**WHAT IS REQUIRED:**
Dropping every picture, set down exactly the lines in the entries below, starting with the line with "Km21rb Honda HRV" and going on through the line with "Garsonieră decomandată în Central".

**DATASET ENTRIES:**
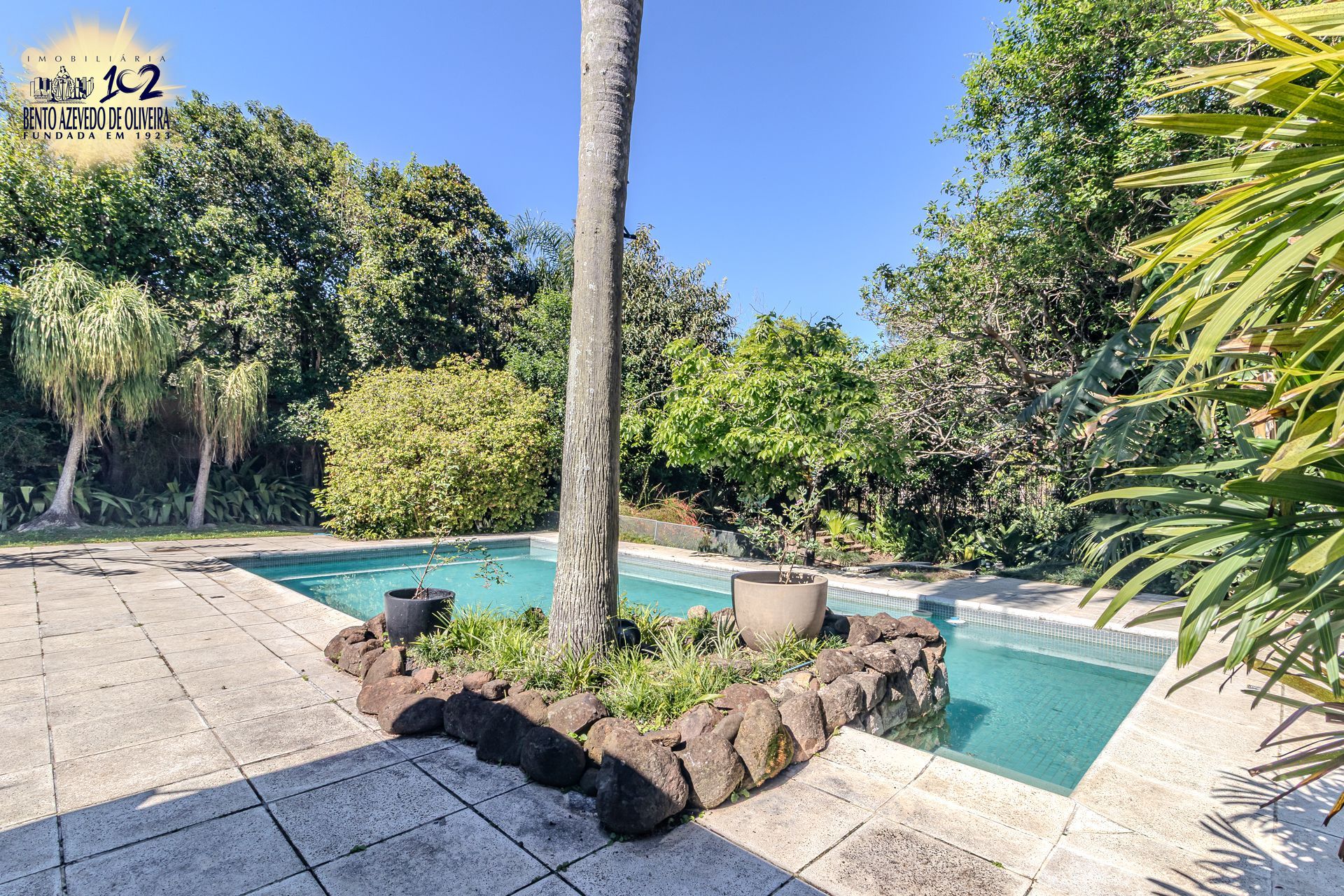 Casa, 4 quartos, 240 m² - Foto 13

--

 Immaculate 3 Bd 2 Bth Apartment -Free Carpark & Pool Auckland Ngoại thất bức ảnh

==

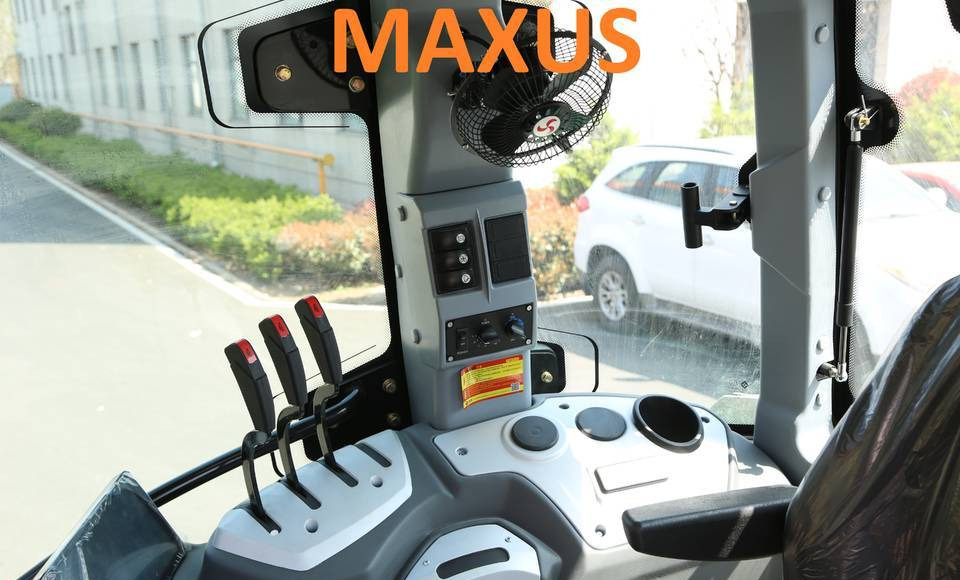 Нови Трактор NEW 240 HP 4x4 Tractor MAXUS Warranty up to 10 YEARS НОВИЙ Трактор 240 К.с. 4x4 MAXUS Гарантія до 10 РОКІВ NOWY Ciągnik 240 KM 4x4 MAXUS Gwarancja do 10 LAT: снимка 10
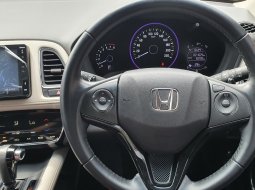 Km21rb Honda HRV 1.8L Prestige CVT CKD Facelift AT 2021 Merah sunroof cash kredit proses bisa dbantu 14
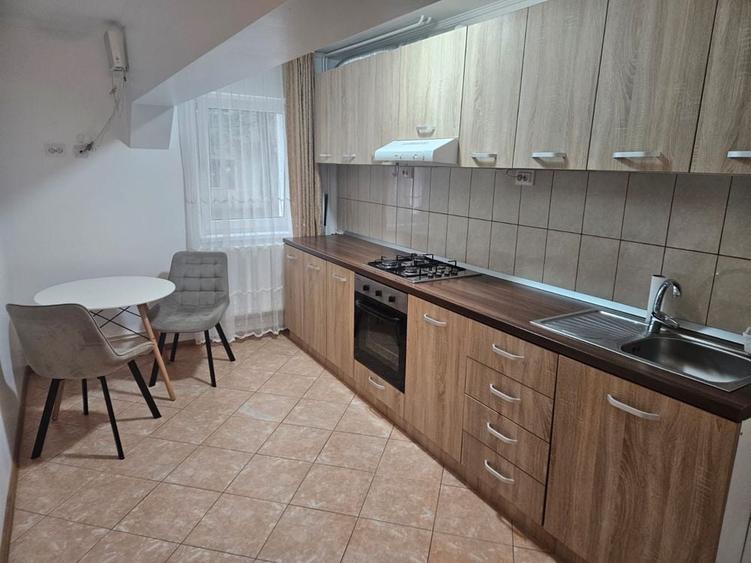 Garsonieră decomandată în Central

**EXPECTED OUTPUT:**
 Km21rb Honda HRV 1.8L Prestige CVT CKD Facelift AT 2021 Merah sunroof cash kredit proses bisa dbantu 14
 Garsonieră decomandată în Central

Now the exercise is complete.